● DIRECTIONS FOR THIS TASK: In the listing below, find the line with "Image of SANSI" and the line with "Babyhug 100% Cotton", then return them and every line between them exactly, minus the pictures.

● MATERIAL FOR THIS TASK:
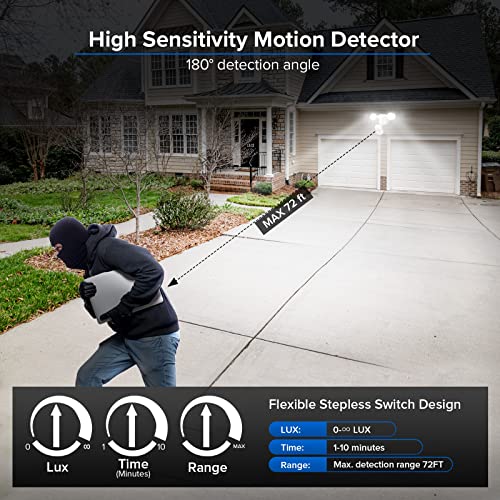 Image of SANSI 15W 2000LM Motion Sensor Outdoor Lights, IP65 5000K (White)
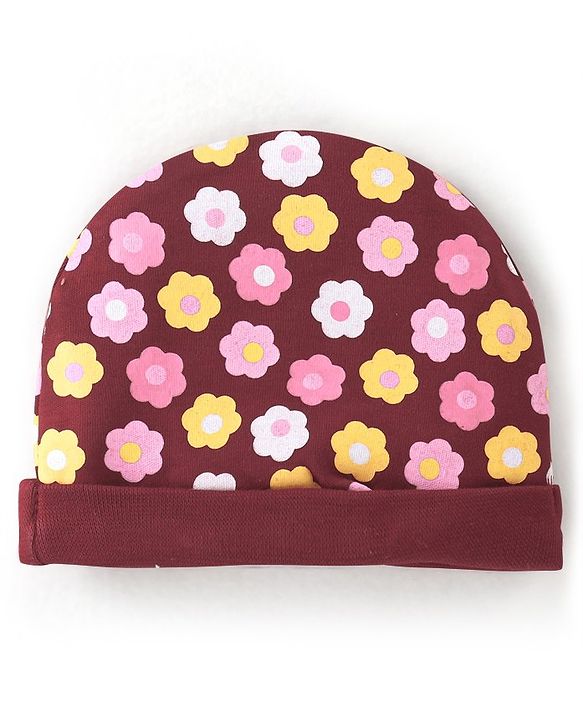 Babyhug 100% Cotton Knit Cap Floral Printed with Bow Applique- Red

--

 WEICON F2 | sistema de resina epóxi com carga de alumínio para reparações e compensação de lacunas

...

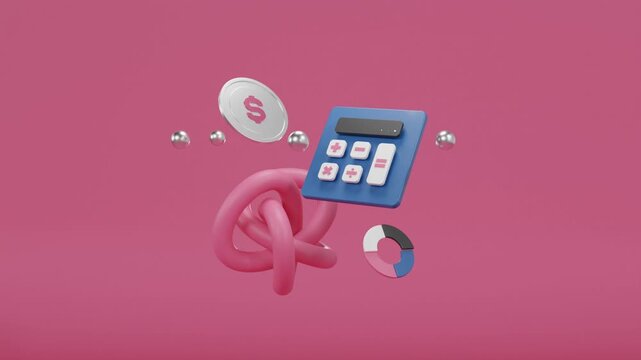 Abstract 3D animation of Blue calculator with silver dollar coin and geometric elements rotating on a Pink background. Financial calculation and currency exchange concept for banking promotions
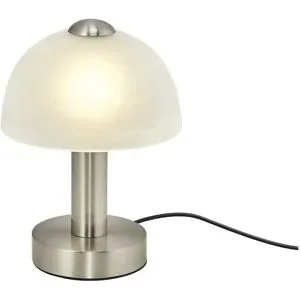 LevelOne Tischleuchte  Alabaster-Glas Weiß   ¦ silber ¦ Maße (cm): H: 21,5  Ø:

● EXERCISE RESULT:
 Image of SANSI 15W 2000LM Motion Sensor Outdoor Lights, IP65 5000K (White)
 Babyhug 100% Cotton Knit Cap Floral Printed with Bow Applique- Red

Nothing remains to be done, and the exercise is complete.